À quelques jours d'une campagne électorale qui s'annonce difficile, les députés libéraux ont été incapables de trancher une question délicate. Après des échanges émotifs, ils n'ont pas décidé si l'ex-ministre Pierre Paradis pourrait terminer sa carrière avec l'étiquette «libérale».

La question a surgi comme une surprise pour les députés réunis samedi en marge du congrès annuel des jeunes du PLQ, à Montréal. Philippe Couillard a fait valoir qu'il avait eu des demandes du député de Brome-Missisquoi qui souhaitait terminer sa carrière comme libéral - une reconnaissance officielle devrait être transmise à l'Assemblée nationale. Il est convenu qu'il ne sera pas de nouveau candidat, mais il tarde à l'annoncer - il devait le faire début juillet.

Cette reconnaissance dans ses notes biographiques aurait constitué un peu de baume sur la blessure de Pierre Paradis, mis au ban de son parti après une carrière de 37 ans comme député.

Selon les sources de La Presse, d'entrée de jeu, Philippe Couillard a paru favorable à cette idée. Mais, manifestement, il avait sous-estimé la réaction de son caucus.

Après une heure d'échanges stériles, il n'y a pas eu de décision, il s'est contenté de dire qu'«on s'en reparlera[it]» et les élus ont pu se rendre à l'activité de l'aile jeunesse.

Accusation d'inconduite sexuelle



Car sitôt l'idée lancée par M. Couillard, le débat s'est enflammé. Le ministre Pierre Moreau, surtout, a tout fait pour convaincre ses collègues qu'il s'agissait d'une décision bien risquée à la veille d'une campagne électorale. Surtout, un tel geste, inattendu, risquait d'être fort mal interprété par les électrices - les femmes sont généralement plus favorables aux libéraux qu'aux caquistes ou aux péquistes.

Le ministre de l'Énergie a été particulièrement virulent sur les conséquences d'une réhabilitation de l'ex-ministre Paradis, expulsé du caucus à la suite d'une plainte à la police de son ancienne chef de cabinet. Valérie Roy l'avait accusé d'inconduite sexuelle, mais le Directeur des poursuites criminelles et pénales n'avait déposé aucune poursuite contre l'ex-ministre de l'Agriculture. M. Paradis avait tout de même été expulsé du caucus libéral.

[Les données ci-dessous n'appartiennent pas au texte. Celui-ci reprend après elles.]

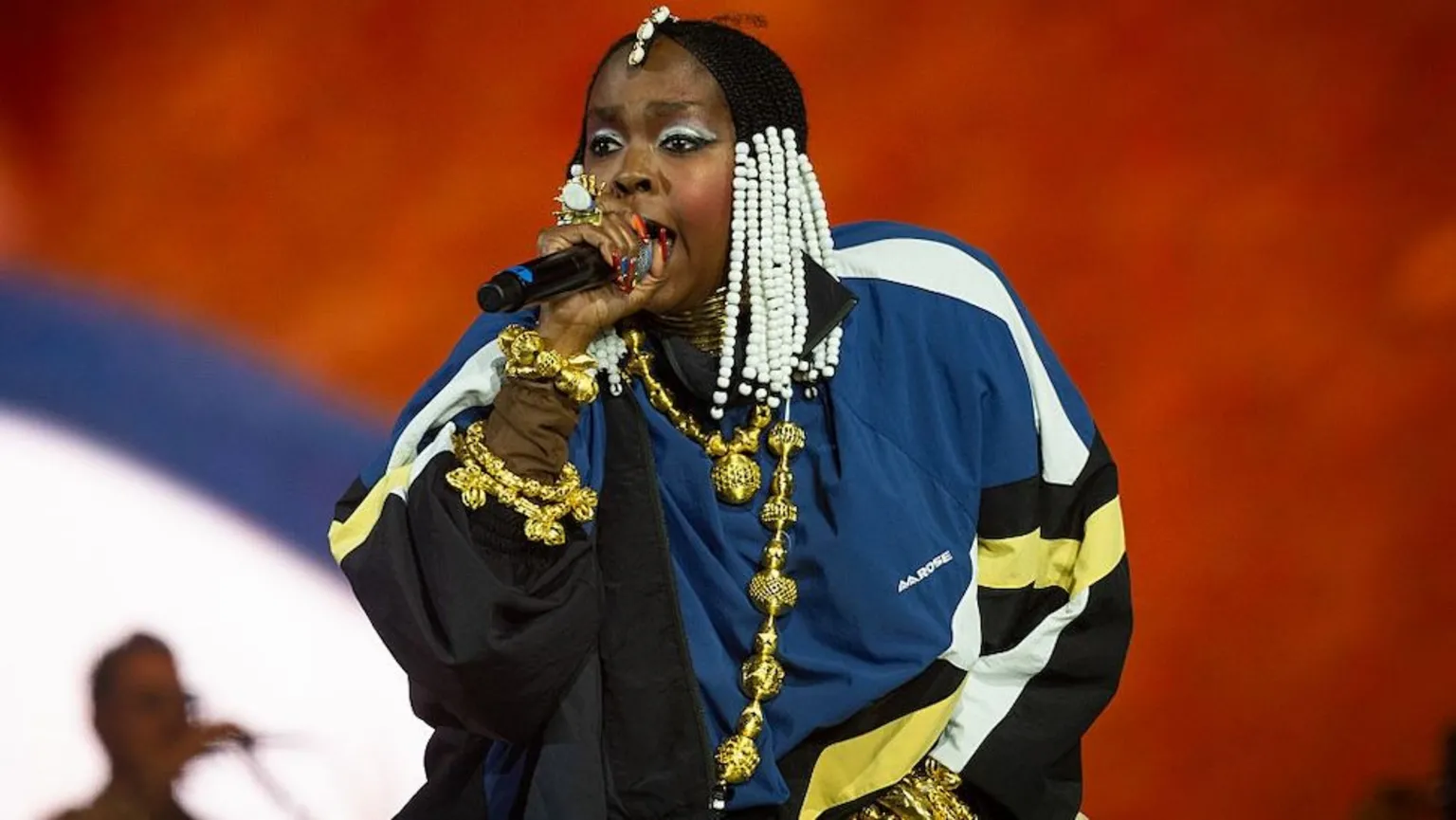 Getty Images Lauryn Hill performing in a blue jacket during Drake\'s set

Depuis janvier 2017, M. Paradis, qui souffre d'une grave commotion cérébrale, n'est pas réapparu à l'Assemblée nationale.

Selon les informations colligées, les députés étaient carrément partagés sur l'opportunité d'obtempérer à cette demande. La ministre Hélène David a souligné qu'au-delà des individus, remettre cette question à l'ordre du jour risquait de soulever un débat inutile auprès de l'électorat féminin. D'autres ministres, dont Christine St-Pierre, toujours sensible à ces questions, étaient du même avis. Mais les opinions étaient partagées - rien à voir avec la réaction unanime, la répudiation spontanée des mêmes élus à l'endroit de Gerry Sklavounos, expulsé lui aussi du caucus libéral.

Dans des circonscriptions difficiles, les élus de la région de Québec étaient unanimement opposés à la réhabilitation du député. Les plus favorables étaient les élus de l'Estrie, la région de M. Paradis, indique-t-on.